Parmi les imitateurs de Catherine, le P. Chauchetière signale le bon François Tsonnatoüan. Il vécut plusieurs années avec sa femme comme frère et sœur. Il ne cessa que sur le conseil de son confesseur. Durant quatorze ans, une maladie le cloua sur sa natte. Il puisait sa patience et sa consolation dans le souvenir de la sainte. Il gardait devant lui son portrait. Une de ses reliques aussi était suspendue à son cou. Il s’était fait un petit chapelet qu’il appelait le « chapelet de Catherine » : il consistait en une croix sur laquelle il récitait le Credo, deux grains pour le Pater et l’Ave, trois autres grains pour les trois Gloria Patri qui terminaient le chapelet. Il le récitait souvent pour remercier la Sainte Trinité des grâces qu’elle avait départies à Catherine.

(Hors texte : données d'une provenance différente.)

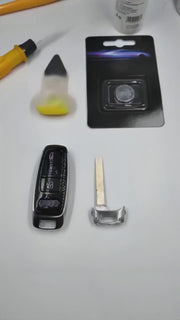 Audi Key Case 925 Sterling Silver Edition Luxury Car Key Cover Handmade Metal Shell Premium Key Protector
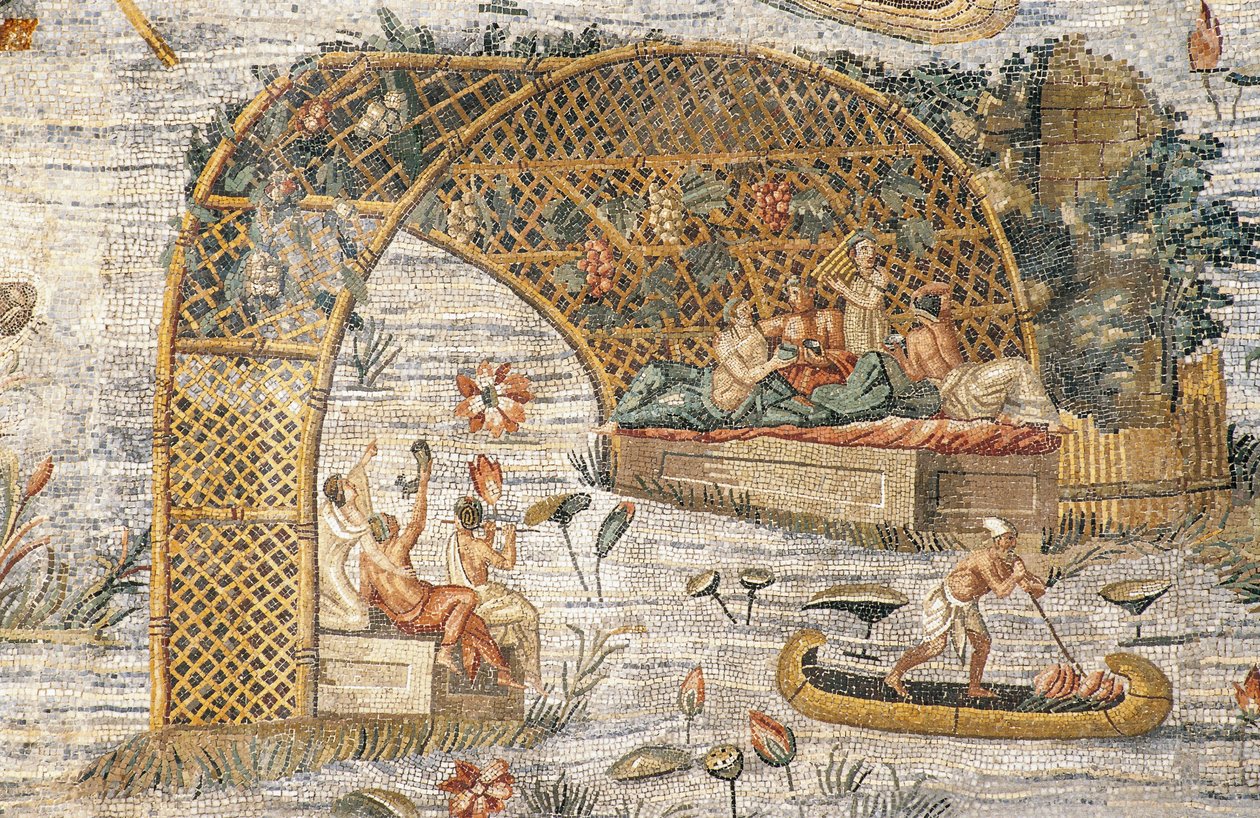 Pergola altında ziyafet, Mısır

Un dernier détail souligne l’industrieuse piété de cet homme. Il avait imaginé un autre chapelet, que les âmes ferventes connaissent bien et qu’elles appellent un marqueur : à savoir un certain nombre de rassades ou grains, enfilés sur une cordelette, qu’on déplace à volonté pour marquer des points. Le matin, il prenait la résolution de faire tant de fois tels actes de vertu ; son marqueur lui indiquait le soir où il en était de sa résolution.

Après avoir converti plusieurs de ses compatriotes par ses paroles et plus encore par ses exemples — conversions qu’il renvoyait à sa chère sainte — il mourut en prédestiné.

Nous ne pouvons mieux terminer ce chapitre que par le trait charmant que raconte le P. Cholenec dans sa relation latine.

Il y avait alors dans la mission deux jeunes filles, âgées d’environ quinze ans, toutes deux remarquables déjà par leurs vertus. Causant un jour de leur vie intérieure, elles se demandèrent ce qu’elles pourraient bien faire, à l’exemple de Catherine, de plus agréable à Dieu et à la sainte elle-même. Elles en vinrent à cette conclusion : elles voueraient, comme Catherine, leur virginité à Dieu, en prenant Jésus pour Époux et Marie pour Mère. Le pacte fut conclu entre elles. Elles le recommandèrent au Seigneur dans de ferventes prières.

Mais voici que devant nos deux jeunes héroïnes se dressa soudain un obstacle infranchissable : le refus absolu des parents.

Tout aussitôt elles changèrent de tactique. Puisqu’il leur était impossible de vivre vierges, elles mourraient vierges. Ce fut la supplique qu’elles présentèrent à leur aimable patronne, la priant de les venir chercher au plus vite. Il est permis de croire que, du haut du ciel, Catherine les entendit et obtint pour elles l’objet de leur vœu. En effet, contre toute attente, à l’étonnement des missionnaires et du village, on vit ces deux jeunes chrétiennes, frappées ensemble d’un mal secret, languir et bientôt remettre à Dieu leur âme virginale.